- Come la va, il nostro veterano.
Mi portò fuori la scranna e mi fece sedere.
- Grazie.
Aspirò larghe boccate di fumo, le buttò via con una soffiata e mi guardò in faccia.
- Quanti anni hai, sbarbatello?
- Quasi sedici.
- Li ho avuti anch'io. Bella età, ma hai ancora da mangiarne della polenta.
- Lo credo.
Mi guardò, seguì coll'occhio la nuvolaglia che faceva uscire dalla canna ciliegia della sua diletta "Grisa," mise la mano sul mio ginocchio scuotendomelo fortemente e con un sospiro che pareva gli venisse su dai profondi recessi del ventre, mi disse:
- Sai, alla tua età io era già caporale.
- Caporale! Sono dunque davanti a un generale? gli domandai simulando la celia e alzandomi di scatto in piedi.

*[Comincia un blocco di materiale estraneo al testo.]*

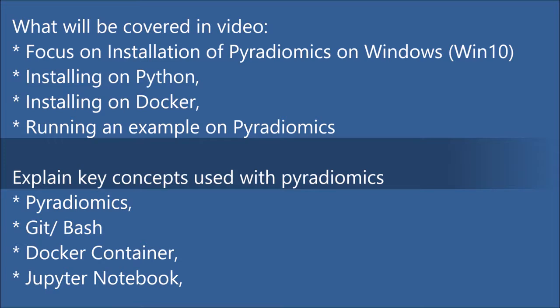I'll be covering installation on Python and on Docker container, and then finally once PyRadiomics has been installed we'll run a simple example. Along the way we'll be covering some key concepts that will be used with this PyRadiomics software.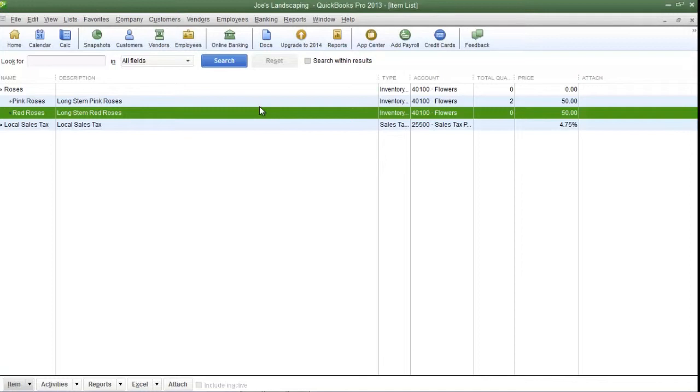Now that's how you create a custom field. In the very next tutorial, I'm going to show you how to run a report using the custom fields that you just created. In the meantime, if you have any questions on how to create a custom field, please send me an email. Once again, my name is James Fox, and I'll see you next time.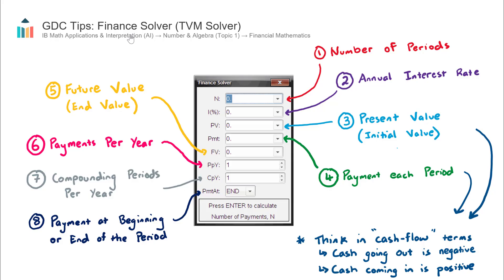This video covers the finance solver on your graphics calculator, also known as a TVM solver. TVM stands for the time value of money. Different calculators and different textbooks either call it one of these two things, but they are the same thing.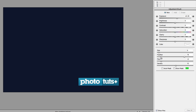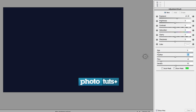You can adjust brush size and feather using the sliders, or with keyboard shortcuts. The square bracket keys increase and decrease the size of the brush. Holding Shift with the square bracket keys increases and decreases the feather. So you can use those as hotkeys as you work, or just use the sliders if you prefer.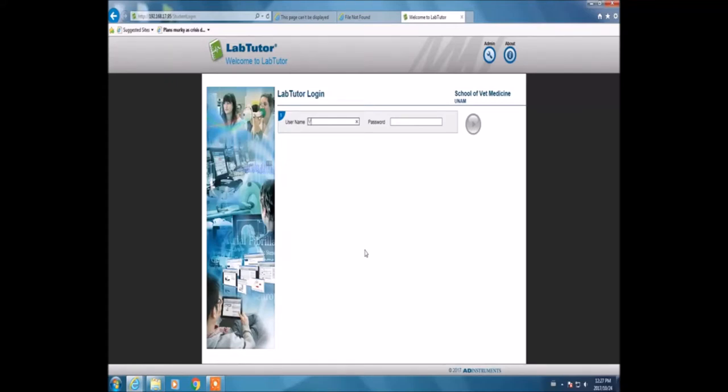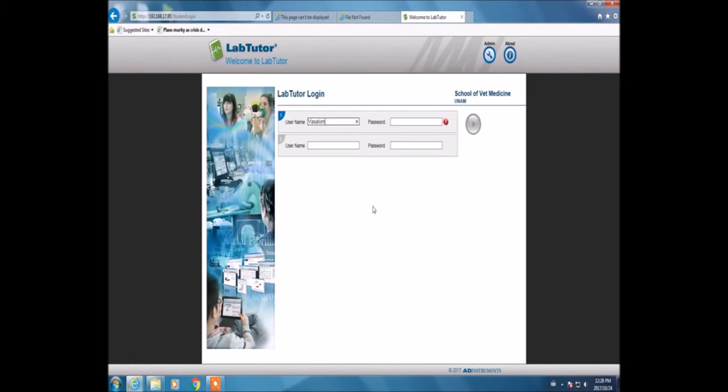Welcome to LabTutor. I'm logging in now. This is where I have to put my username and password. Then I'm going to log into the platform in order to perform the experiment.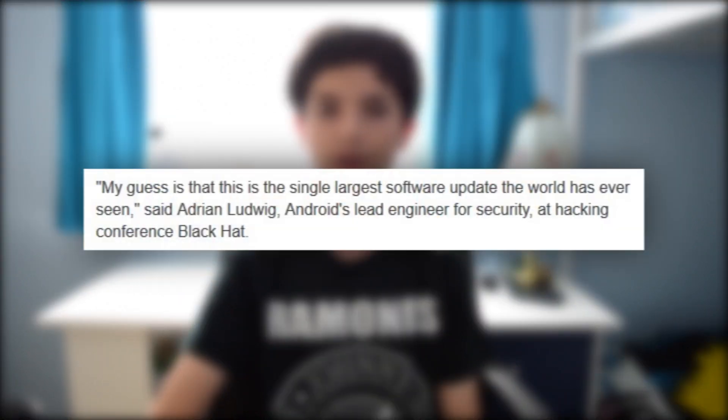But don't fear — to bring some optimism to the table, the head of Android security Adrian Ludwig has promised the largest ever software update the world has ever seen, and that is saying quite a lot. Google, Samsung, LG, HTC, Sony, Motorola and hundreds of other OEMs have plans to roll out a patch for their respective devices, with the main flagship devices getting the updates first. Some companies have already started to roll out updates, which is really great news.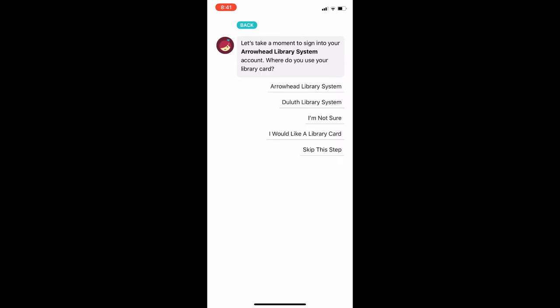You can use this collection with either a Duluth Public Library card or an Arrowhead Library card. Either will get you access to the same collection. Be sure to choose the correct card type to access Overdrive. I will choose Duluth and put in a card number on the next screen.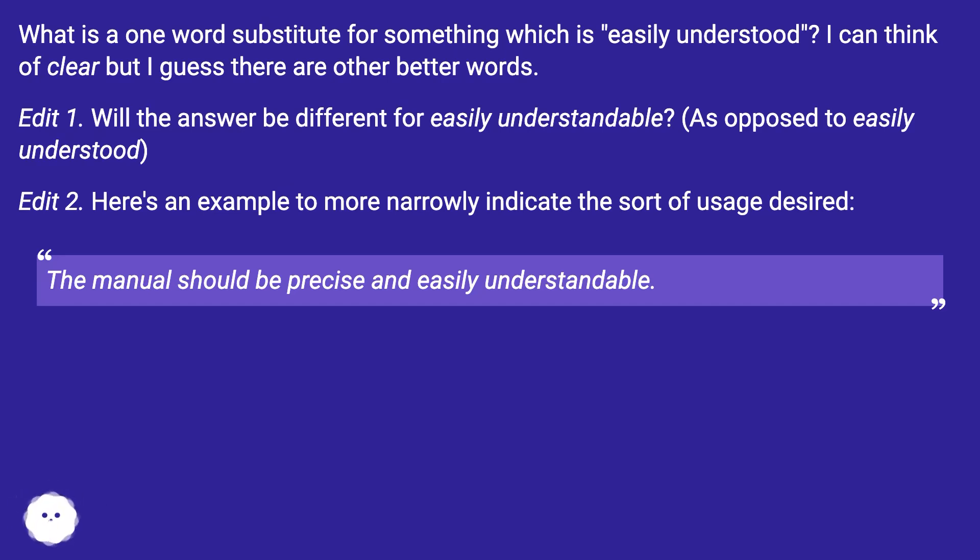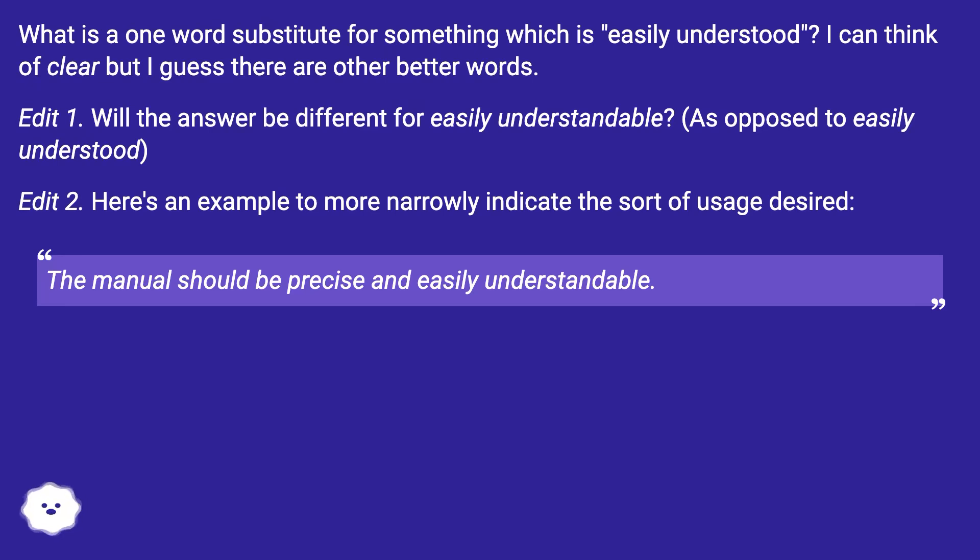Edit 2. Here's an example to more narrowly indicate the sort of usage desired. The manual should be precise and easily understandable.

- No, mio buon ragazzo, rispose egli tergendosi la fronte imperlata di sudore. Tu non sei che davanti a un caporale!
Pareva gli si staccasse lo stomaco. In questa frase, che doveva racchiudere parte della sua storia, ci mise tutta la commozione che gli permetteva la sua voce brontolona.
- E perchè?
- Perchè? Perchè non ho mai saputo imparare una parola di "taliano" e di tedesco.

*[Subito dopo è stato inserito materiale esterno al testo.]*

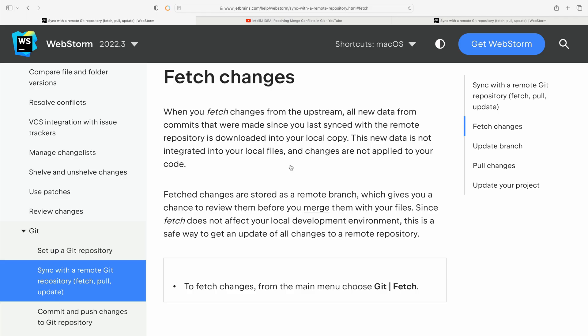I think I'd like to see those changes before I apply them. You know, look before you leap. In git terms, we want to fetch changes. This gets us the new data from commits, but changes are not applied to your code.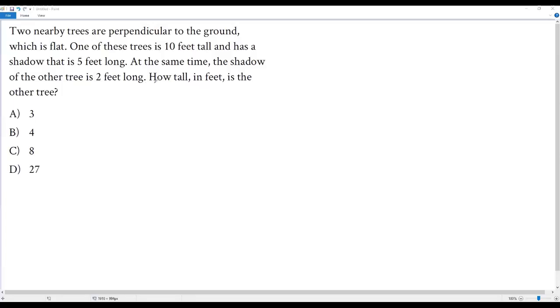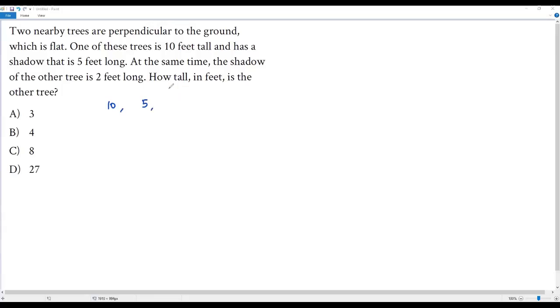So we have to find the height of the other tree in feet. When the height of the first tree is 10 feet then its shadow is five feet. So what should be the height of the second tree so that its shadow will be two feet long?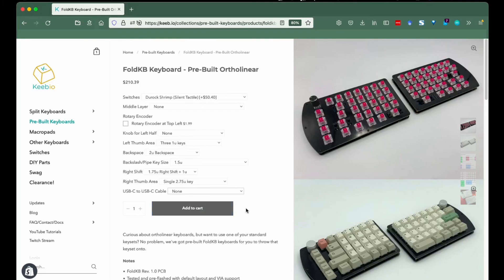Alright that's it from me. Hope this helps keep your keyboard order smooth. Kayla from Keebio, over and out.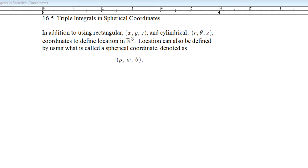Hey there, Calc 3 folks. Back here with another quick lecture over multiple integration. We're going to look at the case for a triple integral in what we know as the spherical coordinate system.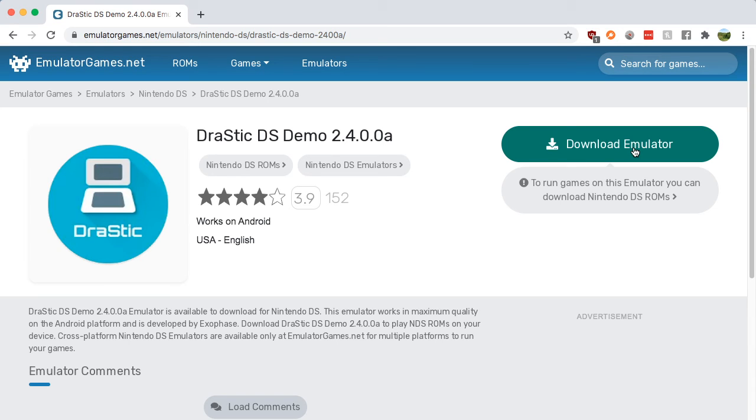Now if you want to get ROMs, you're going to have to look up ROMs specifically for Android. Just search DS ROMs Android. But that's all I got for this video. I'll see you in the next one. Retro on!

- Possibile! Ma che cosa scrivete alla domenica quando avete il lapis tra le dita?
- Delle cifre. Mi sono abituato a vedere negli inquilini tanti numeri. So appena scarabocchiarli. Ma non c'e dubbio, sapete, che me ne sfugga uno. Io li ho qui tutti. E in così dire puntava un dito alla fronte.
- A sedici anni avevate tempo da imparare.
- Mein herr cap....
- Parlate anche il tedesco?
- Come si fa a non sapere mein herr, quando si è stati a Víenna?